Einde inhoudsopgave
Verdrag inzake sociale zekerheid tussen de Regering van het Koninkrijk der Nederlanden en de Regering van Nieuw-Zeeland
Artikel 23 Terugvordering van te veel betaalde bedragen
Geldend
Geldend vanaf 01-11-2003
- Redactionele toelichting
Deze wijziging treedt tegelijk met het Verdrag inzake sociale zekerheid tussen de Regering van het Koninkrijk der Nederlanden en de Regering van Nieuw-Zeeland (2000).
- Bronpublicatie:
10-03-2003, Trb. 2003, 130 (uitgifte: 29-08-2003, kamerstukken/regelingnummer: -)
30-06-2000, Trb. 2002, 38 (uitgifte: 26-06-2002, kamerstukken/regelingnummer: -)
- Inwerkingtreding
01-11-2003
- Bronpublicatie inwerkingtreding:
29-01-2004, Trb. 2004, 19 (uitgifte: 29-01-2004, kamerstukken/regelingnummer: -)

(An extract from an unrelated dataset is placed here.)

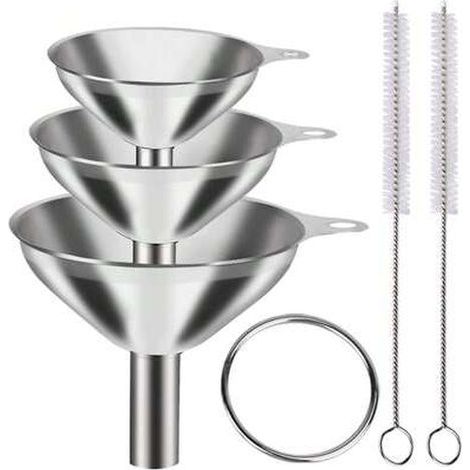 Trichter, 3er-Set (groß, mittel und klein), Mini-Trichter zum Kochen, Abfüllen und Backen, 2 Pinsel (1/5)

29-01-2004, Trb. 2004, 19 (uitgifte: 29-01-2004, kamerstukken/regelingnummer: -)
- Vakgebied(en)
Internationale sociale zekerheid / Bijzondere onderwerpen
1.
Wanneer een door één van de Partijen met betrekking tot een uitkering aan een persoon een bedrag is betaald dat hoger is dan het eventuele bedrag dat eigenlijk verschuldigd was met betrekking tot die uitkering, krachtens dit Verdrag of anderszins, trekt het orgaan van die andere Verdragsluitende Partij, indien daartoe in overeenstemming met artikel 22 verzocht door het andere orgaan en in overeenstemming met dit artikel en artikel 22, een bedrag gelijk aan het bovenbedoelde teveel betaalde bedrag af van het bedrag dag[lees: bedrag dat] verschuldigd is met betrekking tot laatstbedoelde uitkering.
2.
Het in het eerste lid bedoelde te veel betaalde bedrag is het bedrag vastgesteld door het orgaan van de Verdragsluitende Partij die het te veel betaalde bedrag heeft uitgekeerd.
3.
De hoogte van de aftrek, overeenkomstig het eerste lid, van verschuldigde bedragen met betrekking tot een uitkering, alsmede bijkomende of daarmee verband houdende aangelegenheden, wordt bepaald door het orgaan van de Verdragsluitende Partij die de uitkering dient te betalen, in overeenstemming met de wetten inzake sociale zekerheid of de bestuurlijke praktijk van die Verdragsluitende Partij.
4.
Bedragen die zijn afgetrokken door het orgaan van één van de Verdragsluitende Partijen in overeenstemming met het eerste lid, alsmede bedragen die door dat orgaan zijn ontvangen ingevolge het derde lid, worden overgemaakt aan het andere orgaan op de wijze zoals overeengekomen tussen de organen of in administratieve akkoorden ingevolge artikel 29.